Associate Professor Ben Wise and Craig Smith of the School of Art and Art History received $83,900 from the UF Research Opportunity Seed Fund for a two-year project called “Stigma and Storytelling: Negotiating the Contemporary Folk Devil.” The project “explores the ways a visual artist and a historian can collaborate to communicate with a broader audience” through “a text/image/sound project that will interrogate the history of American stories about stigma, morality, and sexual politics.”

 

Graduate

Hélio Alves was awarded a Goizueta Foundation Graduate Pre-Prospectus Summer Fellowship to conduct pre-dissertation research at the Cuban Heritage Collection at the University of Miami.

Daniel Fernández received a McKnight Fellowship to complete his dissertation titled  “Weaponizing Solidarity: Spanish Republican Exiles, Identity, and the Cuban Revolution, 1902-1976.”

Austin Nelsen was one of five PhD students to receive The James R. Scobie Memorial Award from the Conference on Latin American History. He used the funds to conduct pre-dissertation research in Lisbon, Portugal.

Our graduate students have also received a number of internal awards–check out the News section of our website for more information

 

Undergraduate

Aimee Clesi

History major Aimee Clesi became the first Rhodes Scholar from the University of Florida since 2000 and the first-ever woman from the university to win the award. She will pursue a fully funded PhD degree at Oxford University in the United Kingdom on the Rhodes Scholarship. She will study the phenomenon of wrongful convictions and executions.

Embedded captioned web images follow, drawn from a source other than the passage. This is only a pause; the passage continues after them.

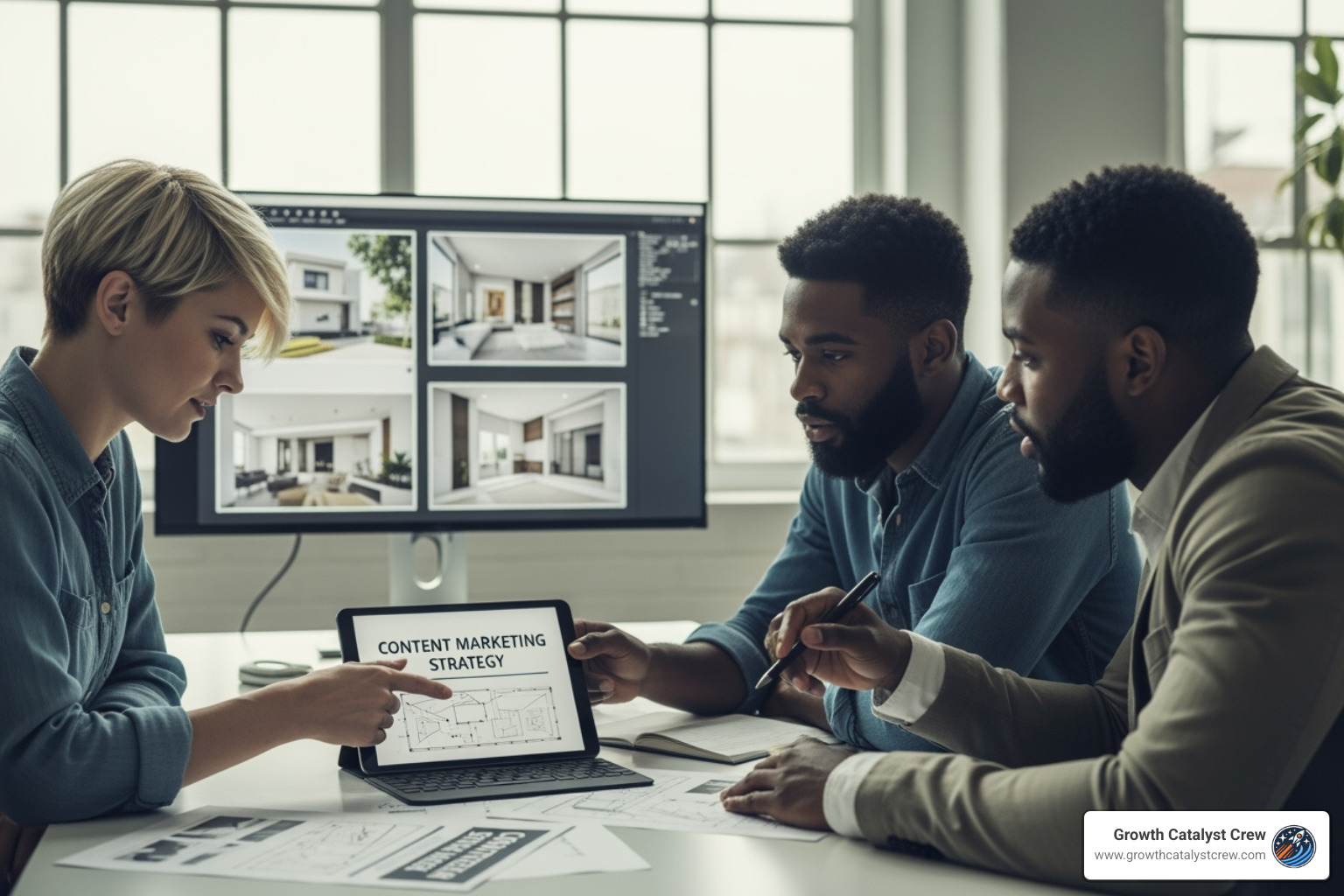 collage showing different content types: blog post snippet, video thumbnail, and case study cover - content marketing for architects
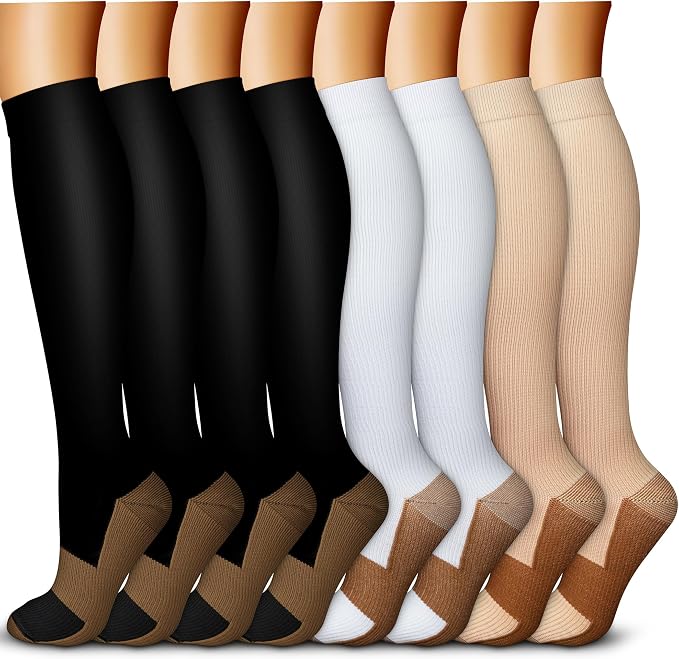 QUXIANG Copper Compression Socks for Women & Men Circulation (8 Pairs) - Best for Running Athletic Cycling - 15-20 mmHg by QUXIANG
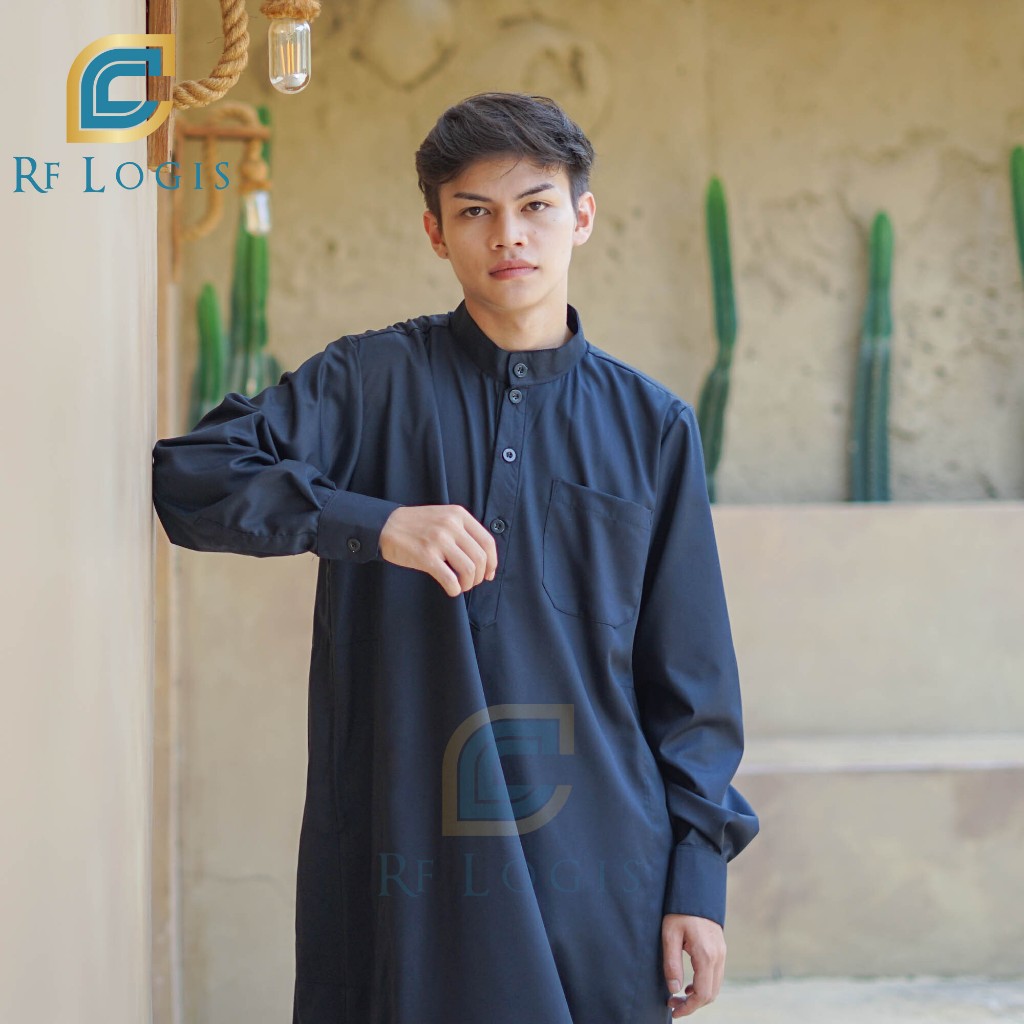 gamis jubah pria remaja lengan panjang katun toyobo murah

History major Shannon Scott won Best Undergraduate non-US Paper at the Phi Alpha Theta Regional Meeting, which met at Stetson University in the Spring. Her paper was titled “‘The Jewish Danger’: An Exploration of Medieval Antisemitism in Der Stürmer‘s Children’s Books.” Shannon will continue her studies at UF as a master’s student in our department starting this fall.